WORK TO COMPLETE: Return all of the data below verbatim and exclude every picture.

DATASET EXTRACT:
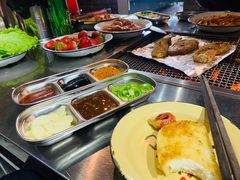 -马路牙子烧烤音乐酒馆(望京店)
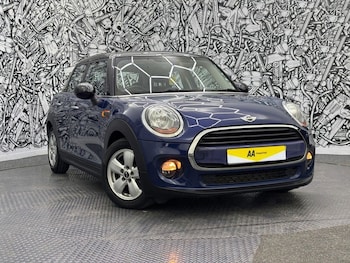 Used MINI Hatch 2017 for sale - 75854597: Photo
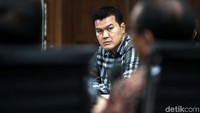 Andi Narogong mendengarkan keterangan para saksi.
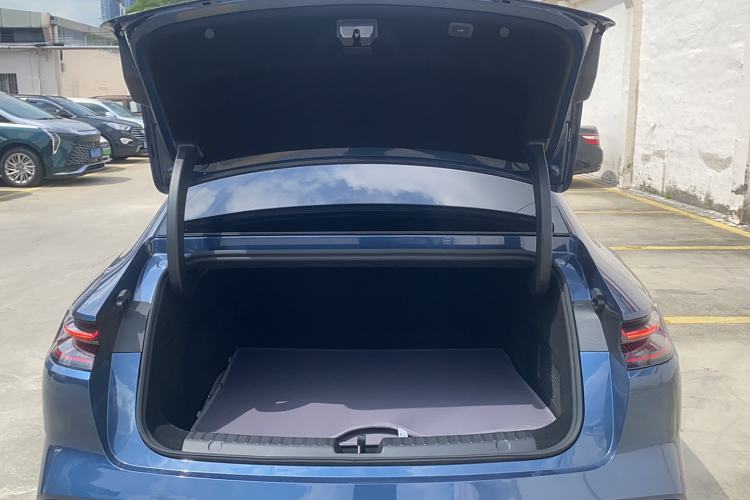 Used Geely Galaxy 8 2025 130km EM-i Flagship Edition Trunk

RESPONSE TO THIS EXERCISE:
 -马路牙子烧烤音乐酒馆(望京店)
 Used MINI Hatch 2017 for sale - 75854597: Photo
 Andi Narogong mendengarkan keterangan para saksi.
 Used Geely Galaxy 8 2025 130km EM-i Flagship Edition Trunk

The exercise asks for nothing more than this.